Most of the files will have a similar set of columns, with some variations. We need to combine all the data from each file into a single DataFrame.
Write a function combine_csv_files(directory, output_filename).
- directory is the folder location where the files can be found
- output_filename is where the combined DataFrame should be saved
The function should check through directory for all files with a .csv extension. Each of these files should be loaded as a DataFrame with key as its index. If there are .csv files that cannot be loaded as a DataFrame, these should be skipped. Do not allow the function to crash because there is a .csv file with an invalid format. If a .csv file does not contain a key column, it should also be skipped.
The DataFrames should then be concatenated vertically into a single DataFrame. E.g., if we had a 10-row frame and a 20-row frame these would produce a 30-row frame.
Reorder the columns in alphabetical order. If any column has more than 50% nulls, it should be dropped. In the case of unmatched columns (in some CSVs but not others), leave values with nulls until/unless these columns get dropped after all the frames have been concatenated. Reorder the rows on their index, then save the DataFrame as a CSV file to the given output_filename – include the header, and the index (key).

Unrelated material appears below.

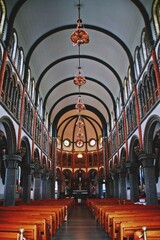Inside the cathedral in Jeonju, Korea,

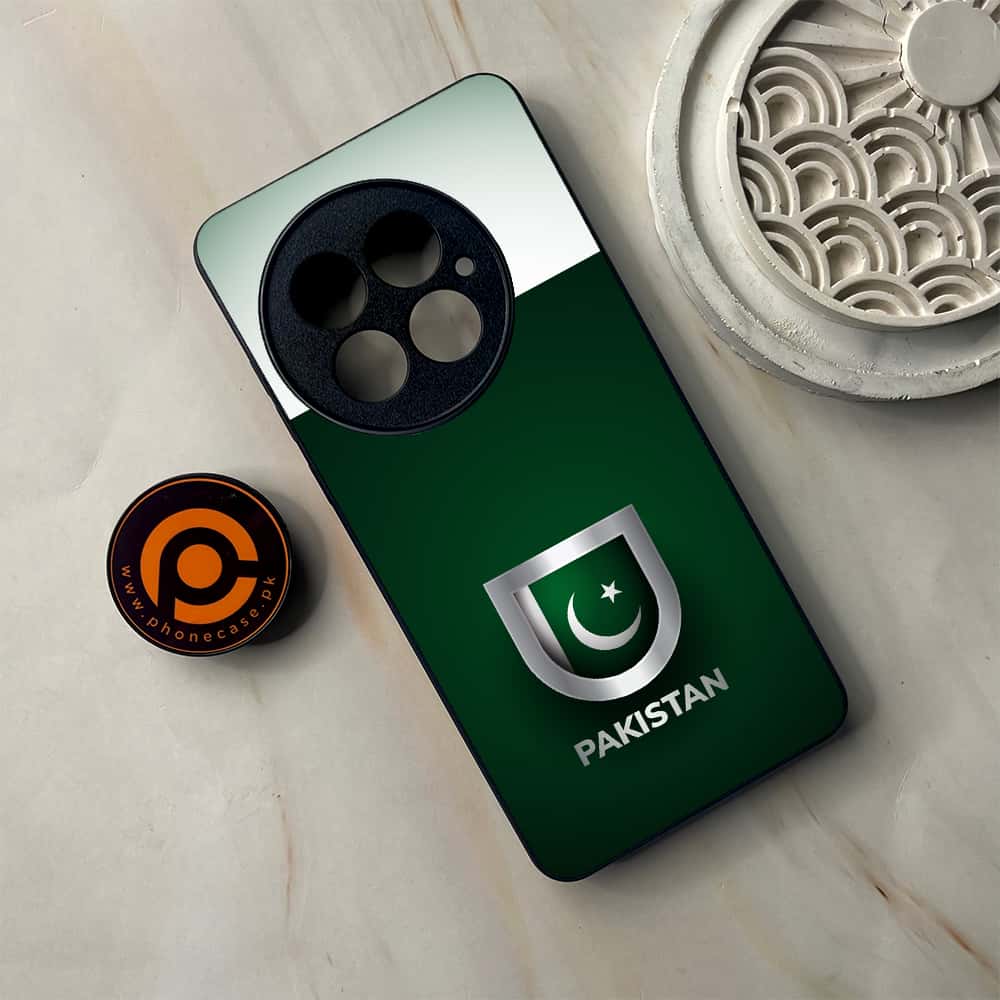 OnePlus 13 - Pakistani Flag Series - Premium Metal Printed soft Bumper shock Proof Case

Note: assume both file paths, directory and output_filename, are relative to the working directory of the code. Do not use os.chdir or any other method to change the current working directory. Your code does not have to handle issues with the directory or output_filename – if they are not valid, it is fine for the function to crash.
You have been provided with sample input in the form of a folder of CSV files (zipped for convenience), csvdir.zip, and task2_out.csv which is the sample output your code should produce from these input files. As part of the challenge of this task, you will need to consider create your own test cases to make sure your function meets all of the requirements above.
Creating simple HTML pages
Suppose we want to create some very basic static HTML pages from data in CSV files.
Assume the CSV files are in a folder called htmlplots. In this folder is a file called index.txt
that lists the CSV files that should be turned into HTML pages. Write a function called make_html_files()
For each of these files create an HTML file (.html) that contains:
- A header with the name of the dataset (CSV filename with .csv removed)
- A link to the previous HTML file (unless this is the first)
- A link to the next HTML file (unless this is the last)
- The data in table format (pandas has a function that will help)
- A PNG image of a line plot of the data (matplotlib can save plots to a file)
All the HTML files and corresponding PNG images should be saved in the htmlplots folder. The pages should be linked in the order the CSV files appear in index.txt.
An HTML file is just a text file with particular content. Use the HTML files in the sample output as a starting point, but you may ‘upgrade’ your HTML to something more advanced as long as it provides the same required functionality.